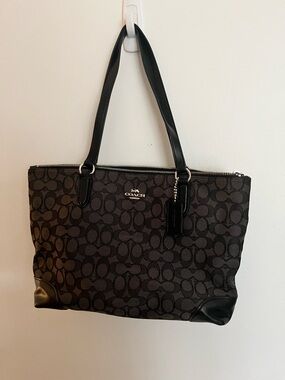 Coach Black Signature Canvas Tote with Leather Trim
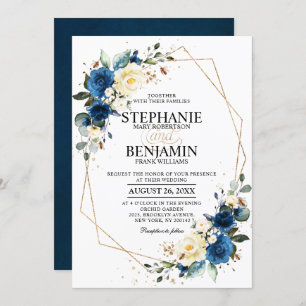 Navy Blue Yellow Rose Boho Geometric Wedding Invit Invitation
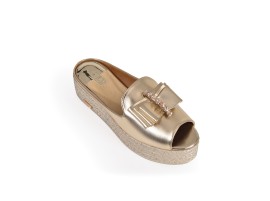 Wedges : Crystal Bow - Gold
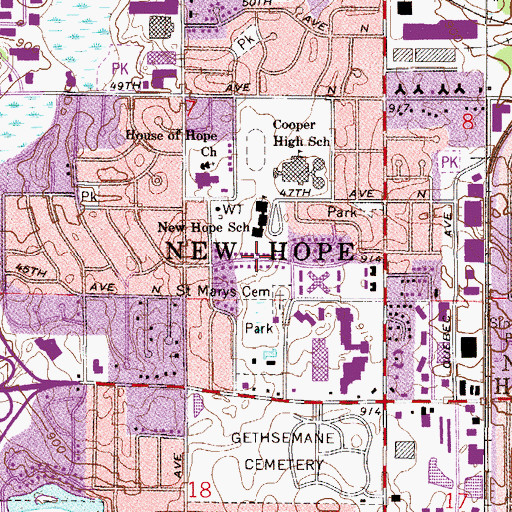 Topographic Map of New Hope, MN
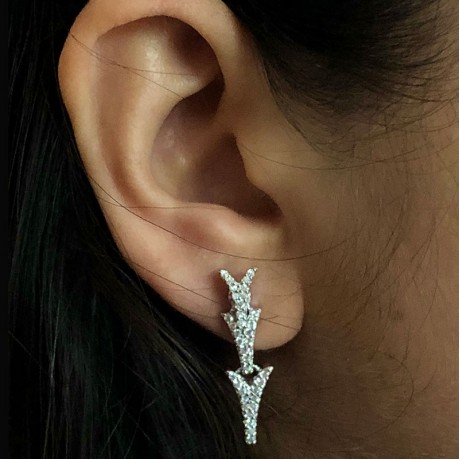 Detachable silver earrings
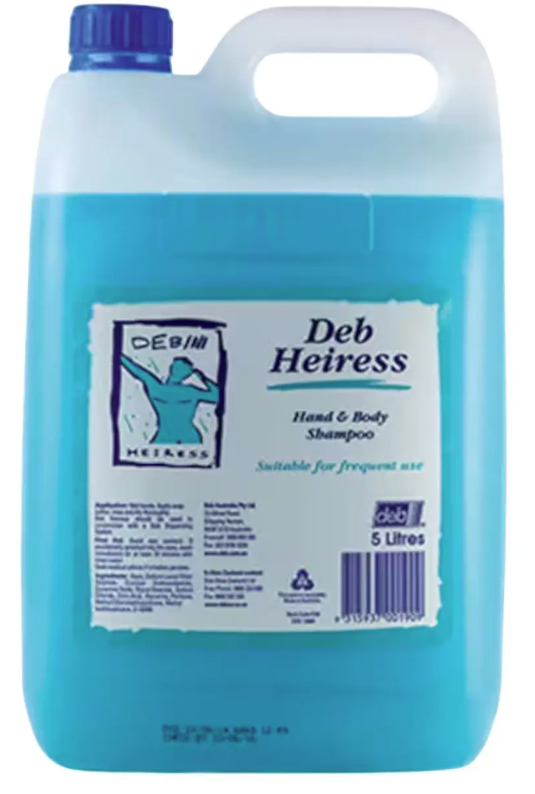 HAND WASH HEIRESS HAND & BODY SHAMPOO 0190 5Ltr DEB CTN 4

---+---

# Directions
Leaving pictures aside, give again word for word each line from the one with "Navy Blue Yellow" to the final line of the entries.

# Written reply
 Navy Blue Yellow Rose Boho Geometric Wedding Invit Invitation
 Wedges : Crystal Bow - Gold
 Topographic Map of New Hope, MN
 Detachable silver earrings
 HAND WASH HEIRESS HAND & BODY SHAMPOO 0190 5Ltr DEB CTN 4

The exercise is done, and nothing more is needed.